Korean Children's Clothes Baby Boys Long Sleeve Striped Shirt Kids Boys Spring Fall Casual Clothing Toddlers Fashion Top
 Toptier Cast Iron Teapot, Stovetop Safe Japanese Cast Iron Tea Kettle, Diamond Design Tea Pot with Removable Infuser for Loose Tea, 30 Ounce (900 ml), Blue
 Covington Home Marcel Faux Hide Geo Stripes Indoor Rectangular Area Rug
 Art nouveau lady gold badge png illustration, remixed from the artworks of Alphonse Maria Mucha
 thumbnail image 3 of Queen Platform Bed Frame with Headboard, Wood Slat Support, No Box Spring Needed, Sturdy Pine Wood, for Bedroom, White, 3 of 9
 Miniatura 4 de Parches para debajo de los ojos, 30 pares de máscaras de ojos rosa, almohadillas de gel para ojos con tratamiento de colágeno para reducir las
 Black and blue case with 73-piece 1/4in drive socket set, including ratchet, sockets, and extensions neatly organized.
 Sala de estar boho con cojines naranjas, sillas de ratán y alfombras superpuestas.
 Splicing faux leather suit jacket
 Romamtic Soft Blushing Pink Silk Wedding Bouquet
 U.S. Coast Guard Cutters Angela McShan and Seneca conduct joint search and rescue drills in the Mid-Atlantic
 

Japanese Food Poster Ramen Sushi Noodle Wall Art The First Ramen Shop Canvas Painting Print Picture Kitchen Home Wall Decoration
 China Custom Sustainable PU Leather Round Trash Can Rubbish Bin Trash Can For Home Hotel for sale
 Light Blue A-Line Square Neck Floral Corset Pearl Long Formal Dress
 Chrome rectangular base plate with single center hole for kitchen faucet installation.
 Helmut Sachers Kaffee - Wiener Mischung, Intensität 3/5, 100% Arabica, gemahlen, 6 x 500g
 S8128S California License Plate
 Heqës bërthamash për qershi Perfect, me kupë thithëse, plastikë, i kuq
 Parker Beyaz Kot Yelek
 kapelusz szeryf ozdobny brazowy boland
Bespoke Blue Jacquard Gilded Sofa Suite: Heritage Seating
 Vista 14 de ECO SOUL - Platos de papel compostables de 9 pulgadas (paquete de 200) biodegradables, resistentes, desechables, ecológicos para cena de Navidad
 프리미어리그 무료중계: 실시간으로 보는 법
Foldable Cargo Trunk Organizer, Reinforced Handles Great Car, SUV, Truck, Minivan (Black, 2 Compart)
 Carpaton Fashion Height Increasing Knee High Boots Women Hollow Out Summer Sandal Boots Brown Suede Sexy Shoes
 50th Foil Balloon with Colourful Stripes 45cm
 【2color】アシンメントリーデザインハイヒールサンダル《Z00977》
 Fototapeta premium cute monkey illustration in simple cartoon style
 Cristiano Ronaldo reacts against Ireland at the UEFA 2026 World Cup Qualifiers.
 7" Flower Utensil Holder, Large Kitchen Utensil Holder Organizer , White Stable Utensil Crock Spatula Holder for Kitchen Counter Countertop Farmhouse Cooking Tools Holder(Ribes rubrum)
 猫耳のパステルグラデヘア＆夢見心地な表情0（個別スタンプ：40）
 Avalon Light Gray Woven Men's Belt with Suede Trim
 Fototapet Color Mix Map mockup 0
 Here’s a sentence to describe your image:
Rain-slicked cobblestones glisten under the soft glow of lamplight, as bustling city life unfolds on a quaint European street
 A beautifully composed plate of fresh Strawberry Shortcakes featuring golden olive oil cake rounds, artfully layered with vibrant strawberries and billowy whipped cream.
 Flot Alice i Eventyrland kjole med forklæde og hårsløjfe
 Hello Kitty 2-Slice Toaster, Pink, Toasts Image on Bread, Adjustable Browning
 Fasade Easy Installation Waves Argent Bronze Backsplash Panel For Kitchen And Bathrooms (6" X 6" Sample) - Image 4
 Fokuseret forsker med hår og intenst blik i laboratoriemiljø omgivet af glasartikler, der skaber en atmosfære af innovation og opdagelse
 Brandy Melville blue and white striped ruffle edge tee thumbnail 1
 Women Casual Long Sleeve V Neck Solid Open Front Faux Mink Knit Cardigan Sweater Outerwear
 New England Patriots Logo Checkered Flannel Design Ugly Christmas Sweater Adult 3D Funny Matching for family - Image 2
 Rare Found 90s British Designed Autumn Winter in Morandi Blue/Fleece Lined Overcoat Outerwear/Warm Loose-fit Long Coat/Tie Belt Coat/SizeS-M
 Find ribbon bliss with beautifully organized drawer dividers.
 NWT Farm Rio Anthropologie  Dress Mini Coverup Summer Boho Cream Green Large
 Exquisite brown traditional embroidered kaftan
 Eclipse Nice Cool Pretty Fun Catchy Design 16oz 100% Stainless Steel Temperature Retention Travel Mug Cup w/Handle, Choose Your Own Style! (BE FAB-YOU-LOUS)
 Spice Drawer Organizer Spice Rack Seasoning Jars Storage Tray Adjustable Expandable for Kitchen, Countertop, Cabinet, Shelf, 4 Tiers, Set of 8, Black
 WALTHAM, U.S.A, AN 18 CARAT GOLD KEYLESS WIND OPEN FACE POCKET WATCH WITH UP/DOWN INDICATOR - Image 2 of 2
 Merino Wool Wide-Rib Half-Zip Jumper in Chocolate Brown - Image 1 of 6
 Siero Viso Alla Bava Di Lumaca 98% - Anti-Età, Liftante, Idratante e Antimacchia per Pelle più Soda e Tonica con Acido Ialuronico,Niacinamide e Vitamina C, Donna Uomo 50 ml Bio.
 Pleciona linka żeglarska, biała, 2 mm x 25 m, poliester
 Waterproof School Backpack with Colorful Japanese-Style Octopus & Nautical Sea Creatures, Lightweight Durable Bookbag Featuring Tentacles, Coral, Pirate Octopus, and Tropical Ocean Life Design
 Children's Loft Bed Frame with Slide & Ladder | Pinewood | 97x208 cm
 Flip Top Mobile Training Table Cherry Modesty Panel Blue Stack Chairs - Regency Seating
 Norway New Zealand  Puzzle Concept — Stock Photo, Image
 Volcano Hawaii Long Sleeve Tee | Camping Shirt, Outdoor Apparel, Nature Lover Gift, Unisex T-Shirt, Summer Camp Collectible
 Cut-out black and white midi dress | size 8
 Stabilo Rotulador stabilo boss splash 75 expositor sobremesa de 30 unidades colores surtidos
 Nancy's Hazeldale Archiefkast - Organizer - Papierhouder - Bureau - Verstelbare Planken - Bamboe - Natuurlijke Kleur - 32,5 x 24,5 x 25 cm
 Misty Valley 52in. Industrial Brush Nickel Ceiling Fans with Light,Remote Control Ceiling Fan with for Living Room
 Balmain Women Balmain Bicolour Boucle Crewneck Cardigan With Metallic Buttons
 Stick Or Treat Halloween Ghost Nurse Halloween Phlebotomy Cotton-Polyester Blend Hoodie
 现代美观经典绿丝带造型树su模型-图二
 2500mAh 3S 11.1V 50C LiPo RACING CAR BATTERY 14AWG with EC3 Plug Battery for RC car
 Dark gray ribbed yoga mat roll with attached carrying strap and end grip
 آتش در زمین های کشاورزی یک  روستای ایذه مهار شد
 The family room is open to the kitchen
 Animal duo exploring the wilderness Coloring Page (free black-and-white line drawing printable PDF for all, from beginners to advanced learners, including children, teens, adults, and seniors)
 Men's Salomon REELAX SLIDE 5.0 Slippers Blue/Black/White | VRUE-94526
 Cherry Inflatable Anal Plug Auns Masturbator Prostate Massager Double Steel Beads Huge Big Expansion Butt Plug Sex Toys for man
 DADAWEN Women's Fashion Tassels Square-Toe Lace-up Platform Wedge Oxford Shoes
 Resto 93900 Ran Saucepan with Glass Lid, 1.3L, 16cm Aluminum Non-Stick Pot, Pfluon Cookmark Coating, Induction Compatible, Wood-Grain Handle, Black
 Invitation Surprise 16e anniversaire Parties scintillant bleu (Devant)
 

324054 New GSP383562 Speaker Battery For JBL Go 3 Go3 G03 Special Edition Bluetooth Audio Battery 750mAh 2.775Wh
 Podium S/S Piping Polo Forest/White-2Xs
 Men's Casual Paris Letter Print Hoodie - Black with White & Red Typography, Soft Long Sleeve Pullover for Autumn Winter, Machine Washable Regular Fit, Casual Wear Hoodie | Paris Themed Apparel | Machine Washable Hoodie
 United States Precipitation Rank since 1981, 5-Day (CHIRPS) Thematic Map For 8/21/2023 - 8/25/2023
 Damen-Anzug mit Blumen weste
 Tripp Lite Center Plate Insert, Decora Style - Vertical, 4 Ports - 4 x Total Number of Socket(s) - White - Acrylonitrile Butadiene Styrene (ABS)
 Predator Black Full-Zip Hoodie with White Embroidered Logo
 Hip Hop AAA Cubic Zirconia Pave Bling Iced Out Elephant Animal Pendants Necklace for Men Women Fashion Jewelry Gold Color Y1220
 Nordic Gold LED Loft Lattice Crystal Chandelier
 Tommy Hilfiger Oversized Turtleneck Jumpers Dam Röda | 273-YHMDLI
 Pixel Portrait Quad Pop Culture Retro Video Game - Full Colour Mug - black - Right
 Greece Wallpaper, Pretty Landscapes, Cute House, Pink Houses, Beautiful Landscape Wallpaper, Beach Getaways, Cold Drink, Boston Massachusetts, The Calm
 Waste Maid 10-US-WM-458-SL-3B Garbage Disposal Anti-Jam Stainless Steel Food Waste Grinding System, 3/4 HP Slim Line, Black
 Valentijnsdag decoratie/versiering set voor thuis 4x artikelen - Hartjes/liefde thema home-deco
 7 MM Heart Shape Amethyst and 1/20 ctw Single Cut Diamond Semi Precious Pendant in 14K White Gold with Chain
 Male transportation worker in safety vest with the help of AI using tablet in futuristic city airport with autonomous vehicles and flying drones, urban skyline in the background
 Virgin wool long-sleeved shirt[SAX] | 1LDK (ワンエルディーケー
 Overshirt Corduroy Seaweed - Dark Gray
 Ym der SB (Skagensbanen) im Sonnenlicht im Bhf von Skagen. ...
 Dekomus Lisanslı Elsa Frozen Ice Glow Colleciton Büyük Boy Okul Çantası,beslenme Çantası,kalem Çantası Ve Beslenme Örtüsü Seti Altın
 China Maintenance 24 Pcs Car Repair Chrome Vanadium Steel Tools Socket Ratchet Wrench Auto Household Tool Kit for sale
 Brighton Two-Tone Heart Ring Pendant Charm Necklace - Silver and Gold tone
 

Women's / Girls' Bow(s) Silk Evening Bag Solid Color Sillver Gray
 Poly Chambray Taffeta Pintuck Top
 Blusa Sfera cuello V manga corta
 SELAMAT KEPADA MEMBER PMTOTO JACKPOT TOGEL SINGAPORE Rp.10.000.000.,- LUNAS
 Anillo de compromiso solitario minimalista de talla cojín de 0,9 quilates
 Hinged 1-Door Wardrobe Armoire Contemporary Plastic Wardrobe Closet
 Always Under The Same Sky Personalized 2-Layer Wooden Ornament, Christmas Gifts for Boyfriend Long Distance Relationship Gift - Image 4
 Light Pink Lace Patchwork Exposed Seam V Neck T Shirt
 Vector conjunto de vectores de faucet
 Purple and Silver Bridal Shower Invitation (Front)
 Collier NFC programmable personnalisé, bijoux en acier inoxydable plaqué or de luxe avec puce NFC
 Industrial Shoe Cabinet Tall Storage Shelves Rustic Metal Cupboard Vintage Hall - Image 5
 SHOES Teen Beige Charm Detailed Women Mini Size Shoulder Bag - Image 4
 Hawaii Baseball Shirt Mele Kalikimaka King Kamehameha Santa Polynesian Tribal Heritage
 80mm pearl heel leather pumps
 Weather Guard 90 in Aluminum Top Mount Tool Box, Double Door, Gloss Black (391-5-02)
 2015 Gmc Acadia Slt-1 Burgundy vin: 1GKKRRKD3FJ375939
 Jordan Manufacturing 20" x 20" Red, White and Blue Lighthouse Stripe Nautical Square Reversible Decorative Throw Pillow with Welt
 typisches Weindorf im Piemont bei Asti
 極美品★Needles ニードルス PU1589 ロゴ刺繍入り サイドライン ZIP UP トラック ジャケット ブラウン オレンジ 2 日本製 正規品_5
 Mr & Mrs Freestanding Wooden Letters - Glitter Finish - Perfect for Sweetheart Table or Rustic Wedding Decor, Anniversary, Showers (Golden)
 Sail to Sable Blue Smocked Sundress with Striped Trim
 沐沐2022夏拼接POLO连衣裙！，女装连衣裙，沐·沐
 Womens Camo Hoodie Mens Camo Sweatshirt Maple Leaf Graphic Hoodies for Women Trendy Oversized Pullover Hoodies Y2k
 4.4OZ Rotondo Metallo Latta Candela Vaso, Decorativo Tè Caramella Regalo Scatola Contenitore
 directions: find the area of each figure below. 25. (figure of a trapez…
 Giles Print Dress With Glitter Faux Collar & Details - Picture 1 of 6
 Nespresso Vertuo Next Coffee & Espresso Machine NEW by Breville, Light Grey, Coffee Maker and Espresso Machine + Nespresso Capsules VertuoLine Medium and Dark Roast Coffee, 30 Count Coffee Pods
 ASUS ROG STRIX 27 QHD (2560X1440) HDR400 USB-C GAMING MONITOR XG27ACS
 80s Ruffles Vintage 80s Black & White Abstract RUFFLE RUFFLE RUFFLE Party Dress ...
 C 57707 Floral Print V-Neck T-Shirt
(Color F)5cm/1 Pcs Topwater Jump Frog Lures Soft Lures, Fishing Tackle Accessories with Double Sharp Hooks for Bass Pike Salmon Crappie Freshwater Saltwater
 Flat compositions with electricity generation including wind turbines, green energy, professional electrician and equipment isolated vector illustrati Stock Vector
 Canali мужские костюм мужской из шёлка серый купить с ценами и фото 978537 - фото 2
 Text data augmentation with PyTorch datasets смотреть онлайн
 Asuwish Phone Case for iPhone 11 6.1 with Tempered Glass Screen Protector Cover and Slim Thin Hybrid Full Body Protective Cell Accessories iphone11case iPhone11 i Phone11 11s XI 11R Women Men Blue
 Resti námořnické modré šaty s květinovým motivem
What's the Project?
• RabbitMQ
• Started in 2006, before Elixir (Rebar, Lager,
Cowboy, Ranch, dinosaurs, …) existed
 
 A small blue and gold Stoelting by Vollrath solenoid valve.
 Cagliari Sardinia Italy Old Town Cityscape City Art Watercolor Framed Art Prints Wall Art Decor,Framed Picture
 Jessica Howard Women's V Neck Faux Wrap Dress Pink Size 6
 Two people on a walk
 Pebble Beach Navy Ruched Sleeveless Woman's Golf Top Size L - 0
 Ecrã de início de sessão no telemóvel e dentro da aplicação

What to produce: Show all lines from the data that contain "Slim".

Exercise response:
 Waste Maid 10-US-WM-458-SL-3B Garbage Disposal Anti-Jam Stainless Steel Food Waste Grinding System, 3/4 HP Slim Line, Black
 Asuwish Phone Case for iPhone 11 6.1 with Tempered Glass Screen Protector Cover and Slim Thin Hybrid Full Body Protective Cell Accessories iphone11case iPhone11 i Phone11 11s XI 11R Women Men Blue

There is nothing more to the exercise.